A day of big decisions at Sebi

The Finance Ministry has written to India’s capital market regulator SEBI, asking it to withdraw recently issued guidelines treating additional tier-1 (AT1) securities issued by banks as having 100-year (perpetual) maturity. The memorandum was sent on Thursday, March 11.

A circular on the AT1 bonds was issued by SEBI on March 10 and the rule was to take effect from April 1, 2021. Citing the notification mutual fund industry expressed a grim scenario concerning the circular and said that a revaluation of such bonds would lead to huge losses.

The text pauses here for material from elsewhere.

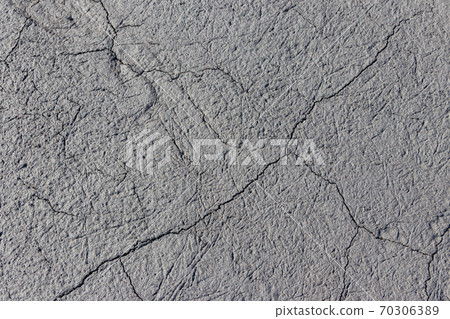 Texture of wet cracked ground as background Texture of wet cracked ground as background 70306389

In fact, AMFI made representation to withdraw the circular on Thursday.

Money9 has seen a copy of the letter sent by the ministry to SEBI chairman Ajay Tyagi.

“Considering the capital needs of banks going forward and the need to source the same from the capital markets, it is requested that the revised valuation norms to treat all perpetual bonds as 100-year tenor be withdrawn. The clause on valuation is disruptive in nature,” the letter said.

Further, the letter said there could be ‘potential swings in NAV’ that can follow from the valuation norms and possible disruption in the debt markets as mutual funds sell such bonds in anticipation of redemptions.

In a separate release, the Association of Mutual Funds in India said that the perpetual bond market is reasonably active with regular trades in large and higher-rated issuances. “Most trades in perpetual bonds happen on a yield-to-call basis. This is based on the established market convention, locally as well as globally, that the issuer will exercise the call option on the due date,” the release said.

Only in the event of lack of traded prices, the question arises as to whether the bond should be valued to call or to maturity. “Given a reasonably active market with regular trades, the issue is narrower than it appears,” the mutual fund lobby body said.

Apart from the revaluation of AT1 bonds the market regulator has also laid down certain investment limits on perpetual bonds. Mutual funds should not be investing more than 10% of the scheme’s corpus in perpetual bonds. And the exposure should not be more than 5% to a perpetual bond of the same company.

To these, the finance ministry did not object. “Instructions that reduce concentration risk of such instruments in mutual fund portfolios can be retained as mutual funds have adequate headroom even within the 10% ceiling,” it said.